** Opening Information supplied block **

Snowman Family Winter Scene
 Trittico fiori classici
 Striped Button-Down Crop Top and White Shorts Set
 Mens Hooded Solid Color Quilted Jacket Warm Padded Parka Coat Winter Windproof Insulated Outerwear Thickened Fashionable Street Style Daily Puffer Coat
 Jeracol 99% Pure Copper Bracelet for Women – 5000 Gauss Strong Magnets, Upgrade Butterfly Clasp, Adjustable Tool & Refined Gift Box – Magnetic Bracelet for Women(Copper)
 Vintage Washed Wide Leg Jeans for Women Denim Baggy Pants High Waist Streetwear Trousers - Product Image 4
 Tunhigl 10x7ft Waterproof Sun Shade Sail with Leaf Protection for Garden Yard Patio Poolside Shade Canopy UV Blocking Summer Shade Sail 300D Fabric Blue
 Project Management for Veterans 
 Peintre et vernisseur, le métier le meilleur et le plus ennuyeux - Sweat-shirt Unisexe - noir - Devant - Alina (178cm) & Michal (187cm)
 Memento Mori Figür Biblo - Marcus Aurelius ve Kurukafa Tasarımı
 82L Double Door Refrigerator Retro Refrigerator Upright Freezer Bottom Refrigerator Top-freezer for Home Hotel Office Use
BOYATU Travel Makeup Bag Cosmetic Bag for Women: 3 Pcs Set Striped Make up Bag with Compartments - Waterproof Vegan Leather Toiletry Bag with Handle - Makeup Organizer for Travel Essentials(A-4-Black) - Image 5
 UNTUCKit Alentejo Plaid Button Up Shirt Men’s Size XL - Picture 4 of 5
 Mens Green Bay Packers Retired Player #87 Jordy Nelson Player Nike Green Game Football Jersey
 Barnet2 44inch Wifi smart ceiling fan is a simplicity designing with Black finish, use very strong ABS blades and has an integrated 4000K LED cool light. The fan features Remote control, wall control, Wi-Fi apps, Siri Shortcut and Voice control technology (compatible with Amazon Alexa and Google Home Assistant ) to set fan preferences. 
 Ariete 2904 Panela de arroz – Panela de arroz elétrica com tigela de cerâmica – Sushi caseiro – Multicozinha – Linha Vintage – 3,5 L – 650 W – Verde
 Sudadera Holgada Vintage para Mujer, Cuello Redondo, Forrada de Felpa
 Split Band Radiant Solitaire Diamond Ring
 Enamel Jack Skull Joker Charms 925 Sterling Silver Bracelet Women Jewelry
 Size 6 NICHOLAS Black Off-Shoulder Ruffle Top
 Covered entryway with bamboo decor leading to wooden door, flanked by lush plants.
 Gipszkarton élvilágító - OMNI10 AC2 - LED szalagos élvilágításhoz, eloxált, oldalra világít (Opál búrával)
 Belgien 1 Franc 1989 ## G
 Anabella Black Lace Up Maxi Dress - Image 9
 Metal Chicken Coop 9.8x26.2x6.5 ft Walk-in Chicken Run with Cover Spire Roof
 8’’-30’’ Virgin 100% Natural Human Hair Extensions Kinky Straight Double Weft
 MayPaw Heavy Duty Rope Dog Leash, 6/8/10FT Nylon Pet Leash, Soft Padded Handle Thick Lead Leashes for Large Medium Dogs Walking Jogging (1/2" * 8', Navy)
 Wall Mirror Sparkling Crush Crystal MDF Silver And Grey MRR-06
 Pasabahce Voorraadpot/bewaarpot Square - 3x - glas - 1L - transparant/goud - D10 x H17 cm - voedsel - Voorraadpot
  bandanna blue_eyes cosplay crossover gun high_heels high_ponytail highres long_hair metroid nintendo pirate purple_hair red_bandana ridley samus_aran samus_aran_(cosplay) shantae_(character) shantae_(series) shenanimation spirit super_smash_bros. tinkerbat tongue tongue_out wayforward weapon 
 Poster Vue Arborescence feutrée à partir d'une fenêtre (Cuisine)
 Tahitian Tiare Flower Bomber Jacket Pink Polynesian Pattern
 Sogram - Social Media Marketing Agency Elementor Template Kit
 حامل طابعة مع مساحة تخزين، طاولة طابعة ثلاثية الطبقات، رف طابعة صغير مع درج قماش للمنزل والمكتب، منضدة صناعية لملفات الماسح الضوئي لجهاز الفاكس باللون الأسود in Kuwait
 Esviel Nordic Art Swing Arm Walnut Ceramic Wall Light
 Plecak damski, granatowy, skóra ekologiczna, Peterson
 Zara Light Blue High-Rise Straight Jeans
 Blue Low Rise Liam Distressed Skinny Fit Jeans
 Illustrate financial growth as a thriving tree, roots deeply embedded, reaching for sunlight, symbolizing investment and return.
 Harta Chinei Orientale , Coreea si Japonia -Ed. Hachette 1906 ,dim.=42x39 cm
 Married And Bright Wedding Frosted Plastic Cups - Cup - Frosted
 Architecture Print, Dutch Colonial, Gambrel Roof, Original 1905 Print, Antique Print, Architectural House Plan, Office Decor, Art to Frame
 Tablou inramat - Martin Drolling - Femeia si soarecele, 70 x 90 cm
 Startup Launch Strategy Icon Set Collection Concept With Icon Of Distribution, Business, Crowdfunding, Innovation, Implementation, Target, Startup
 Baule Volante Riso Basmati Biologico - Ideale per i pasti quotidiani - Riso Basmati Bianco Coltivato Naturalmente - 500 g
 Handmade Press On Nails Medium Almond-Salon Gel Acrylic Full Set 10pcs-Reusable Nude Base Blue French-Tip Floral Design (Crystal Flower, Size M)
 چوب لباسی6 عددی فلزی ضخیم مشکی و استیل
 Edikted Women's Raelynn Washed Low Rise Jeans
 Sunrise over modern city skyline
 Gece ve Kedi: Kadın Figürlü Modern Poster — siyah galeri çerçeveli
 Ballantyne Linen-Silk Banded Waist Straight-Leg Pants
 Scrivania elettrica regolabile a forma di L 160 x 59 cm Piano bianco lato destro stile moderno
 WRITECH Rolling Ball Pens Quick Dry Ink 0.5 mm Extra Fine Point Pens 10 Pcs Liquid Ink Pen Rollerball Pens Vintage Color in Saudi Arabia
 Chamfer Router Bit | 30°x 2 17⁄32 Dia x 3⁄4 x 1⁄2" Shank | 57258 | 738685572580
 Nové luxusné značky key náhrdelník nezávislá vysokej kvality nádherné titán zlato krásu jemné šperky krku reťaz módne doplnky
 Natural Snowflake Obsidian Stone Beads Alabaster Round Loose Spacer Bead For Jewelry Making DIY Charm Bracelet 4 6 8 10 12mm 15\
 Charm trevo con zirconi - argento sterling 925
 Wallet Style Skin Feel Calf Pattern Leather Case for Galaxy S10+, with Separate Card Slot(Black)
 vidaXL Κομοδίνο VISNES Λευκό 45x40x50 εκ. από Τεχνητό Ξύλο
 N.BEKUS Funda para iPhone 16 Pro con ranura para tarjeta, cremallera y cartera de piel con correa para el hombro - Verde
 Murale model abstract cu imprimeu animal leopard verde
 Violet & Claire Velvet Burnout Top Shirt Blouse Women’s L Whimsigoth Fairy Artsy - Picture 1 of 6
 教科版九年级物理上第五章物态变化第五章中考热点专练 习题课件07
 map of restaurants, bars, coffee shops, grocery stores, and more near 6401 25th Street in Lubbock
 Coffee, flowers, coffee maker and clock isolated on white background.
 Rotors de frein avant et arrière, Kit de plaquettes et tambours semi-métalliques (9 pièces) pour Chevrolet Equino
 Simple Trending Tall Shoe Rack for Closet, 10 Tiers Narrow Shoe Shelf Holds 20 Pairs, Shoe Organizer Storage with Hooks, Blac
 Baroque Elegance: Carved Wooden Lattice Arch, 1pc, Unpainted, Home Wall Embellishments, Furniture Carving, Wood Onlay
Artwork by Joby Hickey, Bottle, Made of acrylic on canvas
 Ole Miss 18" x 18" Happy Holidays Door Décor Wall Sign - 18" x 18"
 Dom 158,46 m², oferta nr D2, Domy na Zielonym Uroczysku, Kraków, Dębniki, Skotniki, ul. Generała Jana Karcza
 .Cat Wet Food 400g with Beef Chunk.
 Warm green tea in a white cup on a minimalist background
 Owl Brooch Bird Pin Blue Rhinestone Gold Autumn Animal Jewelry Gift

** Closing Information supplied block **

Extract the lines of the preceding material that run from the line with "WRITECH Rolling Ball" through the line with "map of restaurants, bars, coffee", inclusive, reproducing them exactly and adding nothing.

 WRITECH Rolling Ball Pens Quick Dry Ink 0.5 mm Extra Fine Point Pens 10 Pcs Liquid Ink Pen Rollerball Pens Vintage Color in Saudi Arabia
 Chamfer Router Bit | 30°x 2 17⁄32 Dia x 3⁄4 x 1⁄2" Shank | 57258 | 738685572580
 Nové luxusné značky key náhrdelník nezávislá vysokej kvality nádherné titán zlato krásu jemné šperky krku reťaz módne doplnky
 Natural Snowflake Obsidian Stone Beads Alabaster Round Loose Spacer Bead For Jewelry Making DIY Charm Bracelet 4 6 8 10 12mm 15\
 Charm trevo con zirconi - argento sterling 925
 Wallet Style Skin Feel Calf Pattern Leather Case for Galaxy S10+, with Separate Card Slot(Black)
 vidaXL Κομοδίνο VISNES Λευκό 45x40x50 εκ. από Τεχνητό Ξύλο
 N.BEKUS Funda para iPhone 16 Pro con ranura para tarjeta, cremallera y cartera de piel con correa para el hombro - Verde
 Murale model abstract cu imprimeu animal leopard verde
 Violet & Claire Velvet Burnout Top Shirt Blouse Women’s L Whimsigoth Fairy Artsy - Picture 1 of 6
 教科版九年级物理上第五章物态变化第五章中考热点专练 习题课件07
 map of restaurants, bars, coffee shops, grocery stores, and more near 6401 25th Street in Lubbock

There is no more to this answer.